- The metallurgical laboratory interior at Culcheth Laboratories in 1955
- Former names: Reactor Materials Laboratory
- Alternative names: Culcheth Laboratory

General information
- Type: Metallurgical Research Centre
- Location: Wigshaw Lane, Culcheth and Glazebury, WA3 4NE
- Coordinates: 53°27′06″N 2°31′45″W﻿ / ﻿53.4517°N 2.5292°W
- Elevation: 35 m (115 ft)
- Completed: 1950
- Demolished: 1995
- Client: UKAEA
- Owner: UKAEA

= Culcheth Laboratories =

British metallurgical and nuclear research institute

The creep-testing facilities at Culcheth Laboratories

Culcheth Laboratories was a British metallurgical and nuclear research institute that researched the structural design of nuclear reactors and reactor pressure vessels in Culcheth, Cheshire, then in south Lancashire and now in the borough of Warrington.

==History==
The Reactor Materials Laboratory was established at Culcheth in 1950. The UKAEA's Safety and Reliability Directorate (SRD) stayed at Culcheth until 1995.

==Function==
It carried out work on reactors for the British civil and military (submarine fleet) nuclear energy programmes, investigating metallurgy. In the first ten years, it carried out research on materials for fast breeder reactors; it was the first time that niobium had been part of a fast breeder reactor. The site investigated fracture mechanics, nuclear reactor physics and hydraulics.

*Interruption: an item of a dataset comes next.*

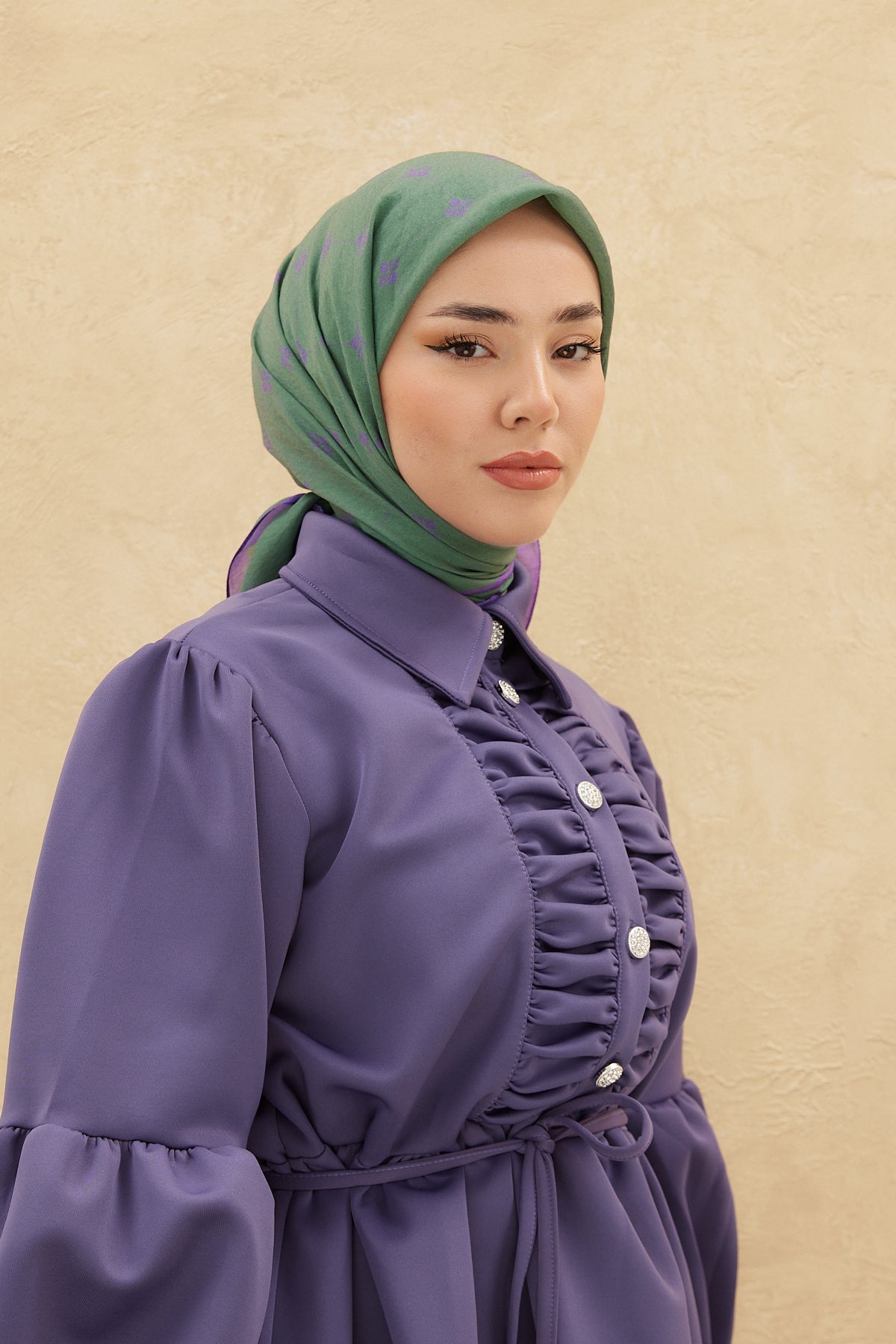 Silk Home Olinda Eşarp 48001-30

Work on irradiation of metals was also carried out with the School of Materials, University of Manchester and the Department of Materials Science and Metallurgy, University of Cambridge.

As of 1955, nuclear metallurgist Dr A. B. McIntosh, writing in the British journal Nature, noted that the laboratories hosted the only creep-testing facilities within the UKAEA, where staff conducted 'extensive tests that have been carried out in inert atmospheres, on a scale probably larger than any attempted elsewhere in Britain.' He points out the uniqueness of using precision mirror extensometers for routine creep tests, which he attributes to the laboratories having 'designed, built and successfully operated enclosed mirror extensometers' whereby the mirrors may be reset throughout the test without breaking a gas seal.

==Structure==
Culcheth is just over one mile north of junction 11 of the M62 motorway on the A574.

It was administered by the Research and Development Branch of the United Kingdom Atomic Energy Authority (UKAEA).